BWG BWG - 1 month ago 11
C++ Question

Where are lambda captured variables stored?

How is it possible that this example works? It prints

6
:

#include <iostream>
#include <functional>

using namespace std;

void scopeIt(std::function<int()> &fun) {
int val = 6;
fun = [=](){return val;}; //<-- this
}

int main() {
std::function<int()> fun;

scopeIt(fun);

cout << fun();

return 0;
}


Where is the value
6
stored after
scopeIt
is done being called? If I replace the
[=]
with a
[&]
, it prints
0
instead of
6
.

Answer

It is stored within the closure, which - in your code - is then stored within std::function<int()> &fun.
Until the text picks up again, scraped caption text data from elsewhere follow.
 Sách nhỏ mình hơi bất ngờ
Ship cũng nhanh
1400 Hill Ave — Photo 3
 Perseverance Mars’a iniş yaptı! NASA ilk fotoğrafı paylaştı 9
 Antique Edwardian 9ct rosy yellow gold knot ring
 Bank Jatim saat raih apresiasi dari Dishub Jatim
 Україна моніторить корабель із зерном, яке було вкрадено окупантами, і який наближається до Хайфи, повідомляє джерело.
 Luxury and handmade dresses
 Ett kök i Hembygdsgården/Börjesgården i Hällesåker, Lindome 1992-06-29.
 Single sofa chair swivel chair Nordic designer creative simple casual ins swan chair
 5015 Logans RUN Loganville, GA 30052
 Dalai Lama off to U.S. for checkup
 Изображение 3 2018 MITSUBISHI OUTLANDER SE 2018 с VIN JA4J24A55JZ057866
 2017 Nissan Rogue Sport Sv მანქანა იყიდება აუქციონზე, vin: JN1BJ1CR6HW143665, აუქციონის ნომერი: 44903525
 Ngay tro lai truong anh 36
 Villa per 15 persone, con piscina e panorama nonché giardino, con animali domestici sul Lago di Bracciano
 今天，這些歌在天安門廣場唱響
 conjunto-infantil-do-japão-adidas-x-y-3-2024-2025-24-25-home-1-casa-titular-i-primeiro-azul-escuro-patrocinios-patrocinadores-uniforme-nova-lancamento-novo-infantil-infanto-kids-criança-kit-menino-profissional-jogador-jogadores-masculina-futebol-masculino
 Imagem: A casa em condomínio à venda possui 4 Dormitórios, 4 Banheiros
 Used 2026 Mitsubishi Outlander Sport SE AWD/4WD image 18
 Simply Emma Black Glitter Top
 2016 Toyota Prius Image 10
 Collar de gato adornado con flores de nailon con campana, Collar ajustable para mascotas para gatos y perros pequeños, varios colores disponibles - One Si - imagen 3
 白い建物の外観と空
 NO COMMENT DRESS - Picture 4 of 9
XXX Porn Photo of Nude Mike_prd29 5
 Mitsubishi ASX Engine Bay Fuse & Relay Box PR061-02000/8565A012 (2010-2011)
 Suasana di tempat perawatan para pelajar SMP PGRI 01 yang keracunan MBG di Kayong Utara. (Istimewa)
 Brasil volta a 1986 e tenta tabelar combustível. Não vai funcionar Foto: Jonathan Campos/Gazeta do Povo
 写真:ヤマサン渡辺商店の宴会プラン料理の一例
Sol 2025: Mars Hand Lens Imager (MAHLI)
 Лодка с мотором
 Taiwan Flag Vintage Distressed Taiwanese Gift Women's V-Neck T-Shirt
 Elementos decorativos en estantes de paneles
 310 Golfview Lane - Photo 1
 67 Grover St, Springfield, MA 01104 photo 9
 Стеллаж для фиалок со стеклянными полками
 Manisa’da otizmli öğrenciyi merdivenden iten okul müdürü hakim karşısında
A lambda generates what's equivalent to an instance of a compiler generated class.

This code:

[=](){return val;}

Generates what's effectively equivalent to this... this would be the "closure":

struct UNNAMED_TYPE
{
  UNNAMED_TYPE(int val) : val(val) {}
  const int val;
  // Above, your [=] "equals/copy" syntax means "find what variables
  //           are needed by the lambda and copy them into this object"

  int operator() () const { return val; }
  // Above, here is the code you provided

} (val);
// ^^^ note that this DECLARED type is being INSTANTIATED (constructed) too!!